Tuesday, April 7, 2015

Civilian Drones on Unclear Course

Tough FAA regulations could ground the fledgling industry of high-tech commercial unmanned flight


Mar 17, 2015 | |

How could anything as magical as drones be so controversial?


These hobby and commercial quadcopters are amazingly stable and simple to fly, thanks to incredible advances in sensors and electronics. Most can take off and land automatically—you just tap a button, and they can hover at eye level, motionless, even in a 30-mile-an-hour wind, awaiting your next command.

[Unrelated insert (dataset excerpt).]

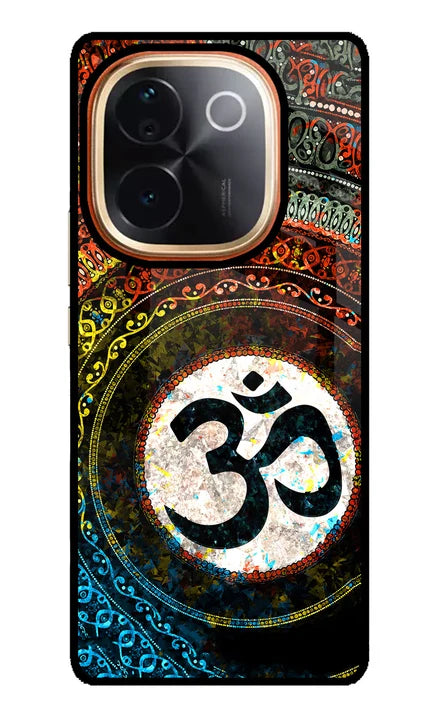 Om Cultural IQOO Z9S Pro 5G Back Cover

What makes these drones so powerful, and so contentious among the public, is also one of the things that makes them so enchanting: their cameras. As you fly a drone, you're treated to its point of view, thanks to a real-time feed to the screen of your phone or tablet. Suddenly, the world you've always known in roughly two dimensions becomes just as easy to explore in three. Inhabiting this third dimension becomes easy and affordable.

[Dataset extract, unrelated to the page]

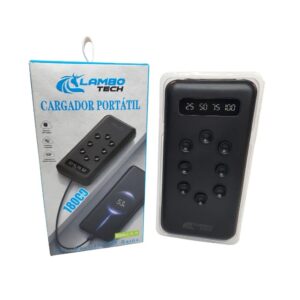 Cargador Portatil Lambo Tech 18000mah Model Pl-79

This freedom of vision is transforming industries. Filmmakers routinely employ drones to capture breathtaking chase sequences they could never film before. Engineers can inspect bridges and buildings without having to make risky climbs. Farmers monitor their crops from afar. Conservationists keep an eye on illegal poaching and dumping. Amazon is developing a program that would let you receive your orders in 30 minutes, thanks to drone-flown delivery of your packages.


It was all looking so promising—until the dimwits got involved.


People started abusing the privilege of having drones. They'd seek thrills by flying drones around airports, risking encounters with commercial airliners. They'd terrify privacy-sensitive neighbors by hovering near their windows. They'd fly on public beaches, zooming in on innocent bystanders.


The Federal Aviation Administration has taken its sweet time regulating the blossoming world of civilian drones. Now, however, it's stepping forward with proposed regulations so strict they could squash the entire field.


These rules would limit commercial drone flying to: daylight hours (sorry, moviemakers); 400 feet (sorry, aerial photographers); a line of sight between pilot and drone (sorry, crop inspectors); and those with an actual pilot's license. You'd have to learn to fly a plane before you could fly a $500 plastic quadcopter for a commercial undertaking. (Hobbyists can fly without FAA approval but are also required to comply with certain rules, such as maintaining a line of sight and avoiding manned aircraft.)


Now, the thing is, the FAA's job is tricky. It has to balance the popularity and promise of drones with issues of national security, radio-spectrum ranges, privacy and, above all, safety. One midair collision of a drone and an airplane would set the drone industry back much further than some FAA rules.


But the proposed rules have shocked drone fans and their representative groups (such as the Small Unmanned Aerial Vehicles Coalition and the Association for Unmanned Vehicle Systems International). These groups point out that the FAA seems to think that the new off-the-shelf, battery-powered drones such as the Parrot Bebop and the DJI Phantom (both under $1,000 and three pounds) are just as much a safety threat as huge, gas-powered military and industrial drones that weigh 40 pounds and stay aloft for 24 hours.


The line-of-sight rule, meanwhile, seems to ignore the fact that today's drones let you see where the drone is, by watching a phone or laptop screen in your hands, far from flying blind.


Critics of the proposed regulations note that the primary effect of these new rules would be to send the commercial drone industry into other countries, where the regulations are far less strict.


For many people, the biggest problem with today's drone popularity isn't safety of commercial operations—it's personal privacy. Their nightmares are haunted by hovering cameras. And the proposed FAA rules don't say anything at all about that problem.


The FAA's proposals are now in for a couple of years of public comment. Those who have become enchanted by the ability to explore the third dimension can now offer their two cents—and then hope that common sense prevails.